Justice Breyer Retires: Biden’s Opportunity


Official Portrait of Justice Stephen Breyer | Photo Credit: Wikipedia Commons

In what appears to be common parlance, a Supreme Court justice has retired. Justice Stephen Breyer, the 83-year-old liberal justice appointed by former President Bill Clinton, announced his retirement on Thursday, January 28. The decision by Breyer came as the Supreme Court faced numerous difficult and controversial issues to rule on, including abortion and gun control. But more than that, it represents a much-needed victory for the Biden administration, which has been struggling with its agenda on voting rights and the so-called Build Back Better bill. Combine that with a declining approval rating, and it is no surprise why Justice Breyer’s retirement has provoked intense reactions across the political spectrum.

Breyer’s relationship with retirement was a long, difficult and sometimes polarizing issue.

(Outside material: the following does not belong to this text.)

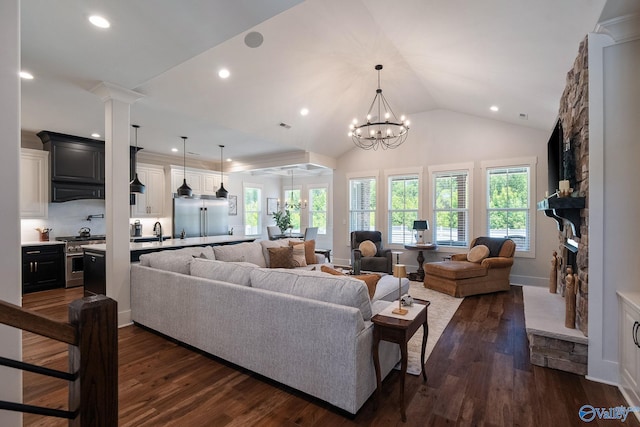 living room featuring a healthy amount of sunlight, lofted ceiling, dark hardwood / wood-style floors, and a fireplace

Among Democrats, Breyer’s hesitation in retiring was dangerously reminiscent of the late Justice Ginsberg, who refused to retire as she waited for a Democratic president to replace her. President Trump would eventually replace Ginsberg with Justice Amy Coney Barret, the youngest member of the Court. Democratic operatives organized protests at his speaking engagements. Op-eds appeared in newspapers across the nation. The message was crystal clear – it was time for a new liberal justice.

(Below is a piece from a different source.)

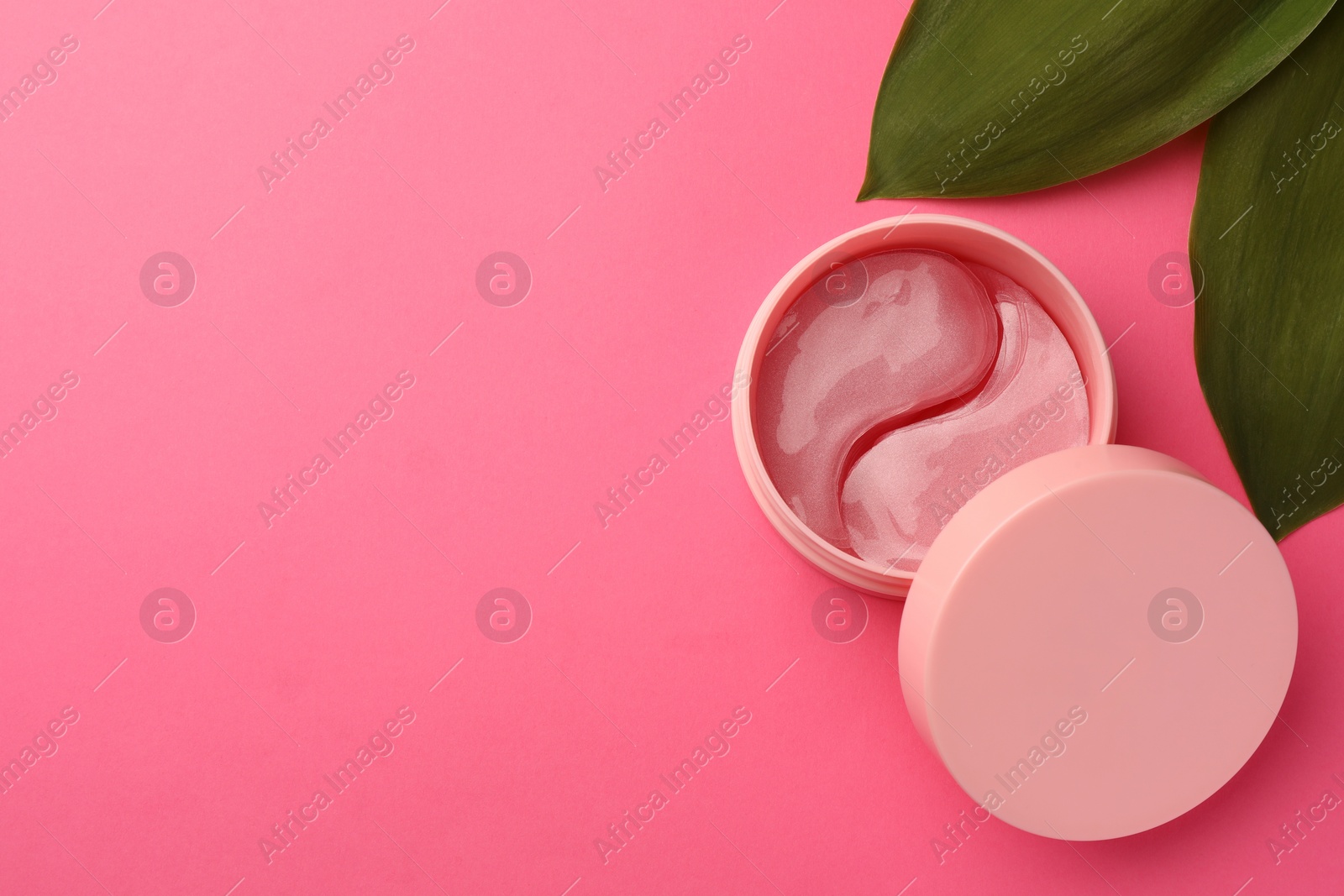 Photo of Jar of under eye patches and green leaves on pink background, flat lay with space for text. Cosmetic product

And it is not hard to see why. Before former President Trump’s victory in 2016, Democrats were betting on then-President Obama’s nomination of Judge Merrick Garland to replace Justice Antonin Scalia. Instead, Senator Mitch McConnell refused to bring Garland up for a hearing, saying they would wait until after the election to consider Supreme Court nominees. They would later appoint several justices, including Justice Barrett, just before the 2020 election.

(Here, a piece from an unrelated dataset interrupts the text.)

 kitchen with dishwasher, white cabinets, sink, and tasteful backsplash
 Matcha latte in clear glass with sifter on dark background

Official Portrait of Justice Amy Coney Barrett | Photo Credit: Wikipedia Commons

Indeed, Republicans were waiting to block any Biden nominee they could after the midterms. However, with Breyer now retiring, their chances for obstruction have weakened considerably. However, that has not stopped them from mobilizing. Already, Republicans have begun warning that Biden’s nominee will be radical. Steven Law, chief executive of the Senate Leadership Fund, a GOP political action committee, has explained the rationale behind this approach, saying: “If the White House furthers its pattern of bowing to progressives in selecting Breyer’s replacement, it will further energize our base and put every Senate Democrat on the hook for approving that choice….”

It would appear strange to react with such hostility towards an unknown nominee, especially when the composition of the Court remains the same. However, it represents a dangerous shift for the Republicans. As I noted on my recent podcast, the rightward shift of the Court is not permanent. Breyer was the oldest member of the Court, but with his upcoming retirement and Democrats ready to appoint a new justice, the two oldest justices are now conservatives. Justices Clarence Thomas and Samuel Alito are now the oldest justices on the Court at 74 and 70, respectively. While it is unlikely that they will leave their positions anytime soon, the fact that the liberal justices are not leaving for a while does suggest future trouble for the Republican position in the judiciary.

To add to Republican frustration, Biden has promised to appoint a Black woman to the Supreme Court. The decision has incensed many Republicans, who see it as an attempt to press identity politics into the nomination process. Conservative pundit and Fox News host Tucker Carlson described Biden’s promise as putting skin color first.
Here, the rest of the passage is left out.